REPUBLIKA.CO.ID, WASHINGTON -- Presiden Amerika Serikat (AS) Donald Trump mengatakan kepastian tentang penyelenggaraan KTT Korea Utara (Korut)-AS di Singapura pada 12 Juni mendatang akan ditentukan pekan depan. Trump mengatakan, potensi penyelenggaraan KTT Korut-AS masih cukup baik.
Kendati demikian, ia belum dapat memastikan apakah KTT akan digelar sesuai tempat dan waktu yang direncanakan. (Baca: Korut Serius Ancam Batalkan KTT dengan AS)
"Apa pun itu, kita akan tahu pekan depan tentang Singapura.

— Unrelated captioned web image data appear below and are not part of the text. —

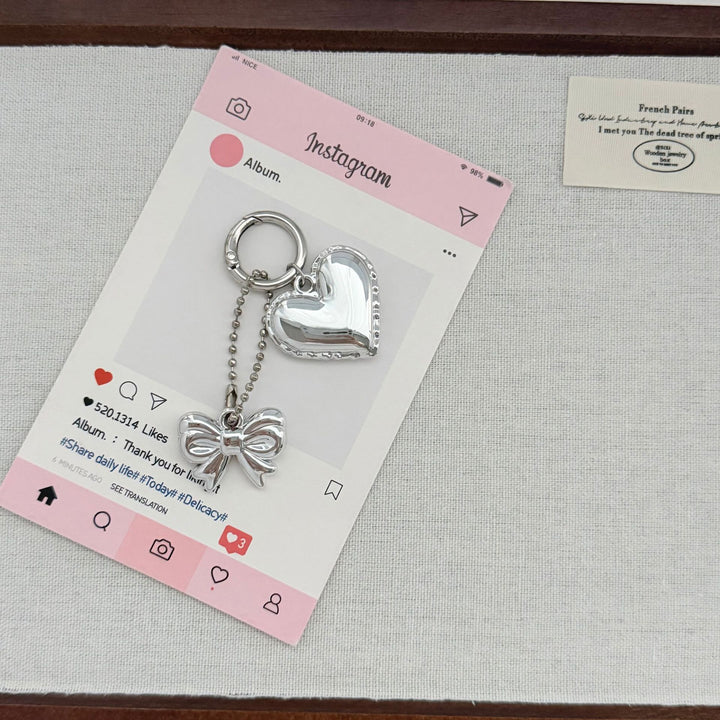 Heart-Shaped Charm Keychain with Bow Stornfield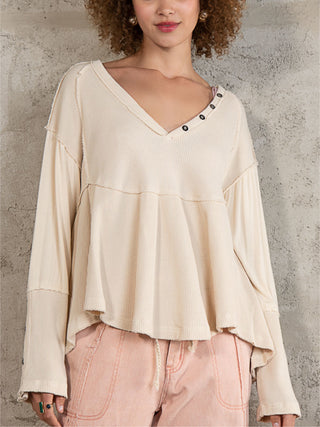Button Detail Long Sleeve Top POL Clothing Women's fashion top Designer long sleeve Stylish button top Casual wear Trendy women's top Button accent shirt Comfortable long sleeve Chic fashion top Versatile women's top Boutique clothing Contemporary style Elegant long sleeve Fashionable women's wear Cream color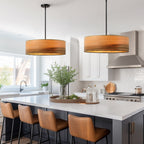 Lampadario a tamburo Breaux a 4 luci in legno impiallacciato con baldacchino nero - 22 pollici di larghezza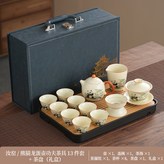 汝窯熊貓龍蛋壺蓋碗公杯茶漏組8斗笠杯大號長方竹盤黑底盤藍皮箱:如圖所示2846 × 1個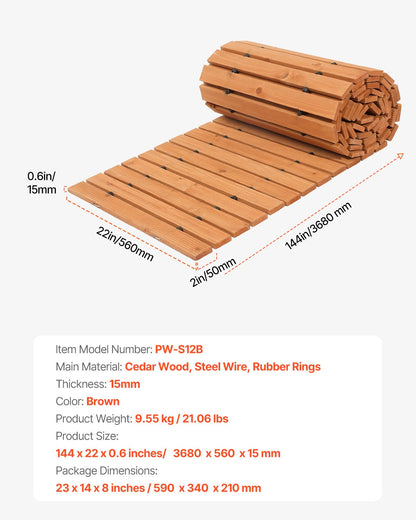 12 Fuß L x 22 Zoll B Gerader Gartenweg Ausrollbarer Gartenweg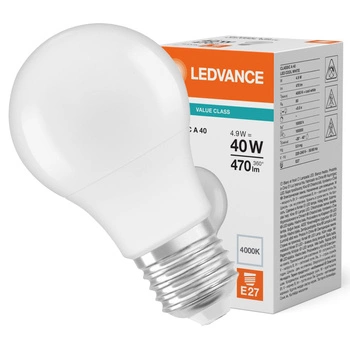 LED žiarovka E27 A60 4,9W = 40W 470lm 4000K neutrálna biela 180° Ledvance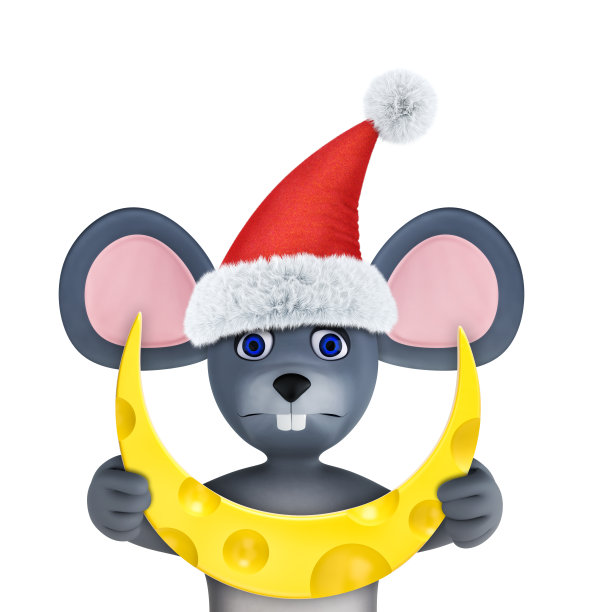 2020年新年贺卡可爱的老鼠和奶酪孤立在白色。动物野生动物假日卡通人物。3 d渲染。图片下载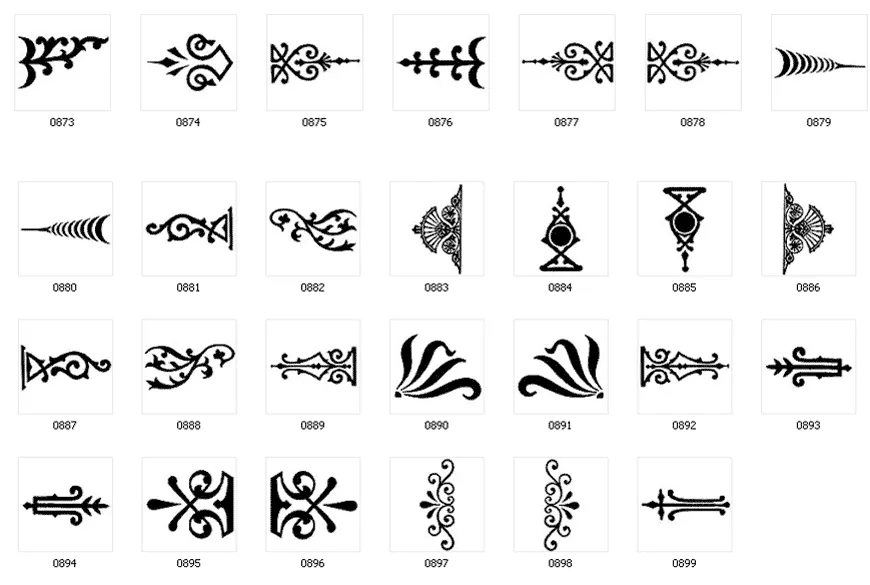 Calligraphic decorative design elements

Dan jika kita pergi (ke KTT), saya pikir itu akan menjadi hal yang hebat bagi Korut," ujar Trump ketika diwawancara awak media pada Rabu (23/5).
Menurut sejumlah pejabat AS, beberapa pejabat Gedung Putih akan melakukan perjalanan ke Singapura akhir pekan ini. Mereka akan bertemu dengan para pejabat Korut untuk membahas agenda dan keperluan logistik dalam KTT tersebut.

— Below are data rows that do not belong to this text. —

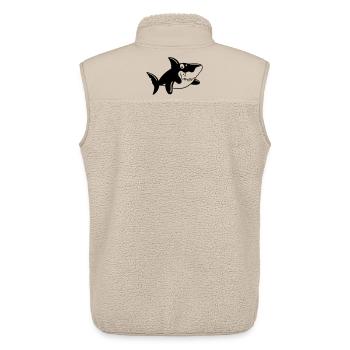 Funny Shark - Unisex Sherpa Gilet by Stanley/Stella - beige - Back - AI Model Male 178 light (178cm)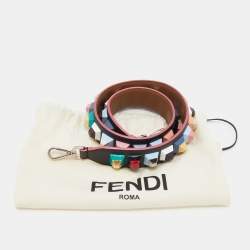 Pre Owned Fendi Multicolor Leather Studded Strap You Shoulder Bag Strap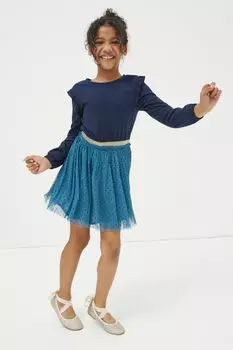 Платье из тюля в горошек FatFace Millie Fat Face, зеленый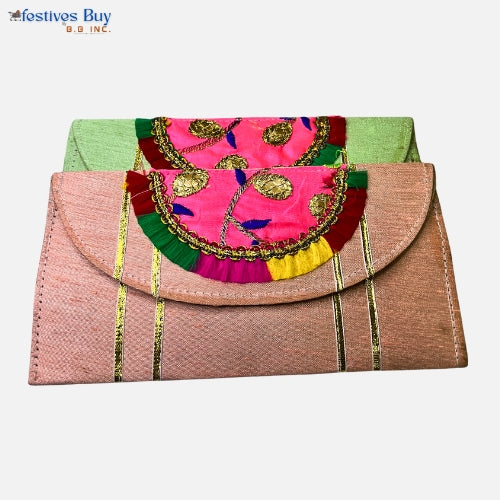 Festives Buy Designer Embroidered Shagun Envelope Clutch – Set of 2 (Peach & Green)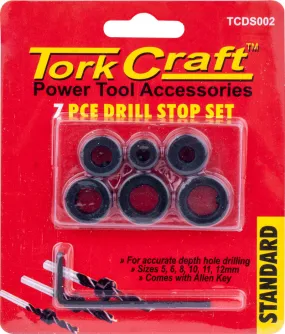 Special - Tork Craft 7Pc Drill Stop Set (5.6.8.10.11.12Mm) C/W Allen Key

Ketika bertemu dengan Presiden Korea Selatan (Korsel) Moon Jae-in di Gedung Putih pada Selasa (22/5), Trump mengungkapkan keraguannya tentang penyelenggaraan KTT Korut-AS. Hal ini terjadi setelah Korut mengancam akan menarik diri dari KTT tersebut.
Namun hal tersebut dilakukan Pyongyang bukan tanpa alasan. Mereka gusar karena AS dinilai terlalu berhasrat melucuti senjata nuklirnya. (Baca: Parlemen Inggris Desak Penjualan Senjata ke Israel Dihentikan)

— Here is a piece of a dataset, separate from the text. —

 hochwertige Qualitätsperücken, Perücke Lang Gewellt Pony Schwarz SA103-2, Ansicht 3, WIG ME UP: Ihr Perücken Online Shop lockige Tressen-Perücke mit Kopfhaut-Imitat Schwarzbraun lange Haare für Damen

Hal ini pun diperparah ketika Penasihat Keamanan Nasional AS John Bolton dan Wakil Presiden AS Mike Pence mengatakan proses denuklrisasi Korut dapat mengikuti gaya Libya era Muamar Gaddafi. "Mengingat komentar dari politisi tingkat tinggi AS yang belum terbangun dari realitas yang keras ini dan membandingkan Korut dengan Libya yang menemui nasib tragis, saya jadi berpikir bahwa mereka tahu terlalu sedikit tentang kita," kata Wakil Menteri Luar Negeri Korut Choe Son Hui dilaporkan kantor berita Korut, Korean Central News Agency (KCNA).
Model denuklirisasi Libya mengacu pada negosiasi pada 2004. Kala itu AS berhasil melucuti komponen nuklir Libya yang masih dipimpin Muammar Gaddafi. Namun setelah perlucutan tersebut, Gaddafi, yang telah memerintah selama 42 tahun, digulingkan dan tewas pada 2011.
Peristiwa bersejarah ini yang menjadi perhatian dan kekhawatiran Korut bila menyerahkan senjata nuklirnya kepada AS. Oleh sebab itu, Choe Son Hui pun menyangsikan penyelenggaraan KTT Korut-AS akan bermanfaat, terutama untuk negaranya.
"Kami tidak akan meminta AS untuk berdialog atau menyusahkan untuk membujuk mereka jika mereka tidak ingin duduk bersama kami," ujarnya.
Ia menyatakan negaranya juga siap bila ternyata harus menghadapi AS dalam konfrontasi nuklir. "Apakah AS akan menemui kami di ruang pertemuan atau menemui kami di konfrontasi nuklir, sepenuhnya bergantung pada keputusan dan perilaku AS. Untuk meminjam kata-kata mereka, kami juga dapat membuat AS merasakan tragedi yang mengerikan yang belum pernah dialami atau bahkan dibayangkan hingga saat ini," katanya menegaskan.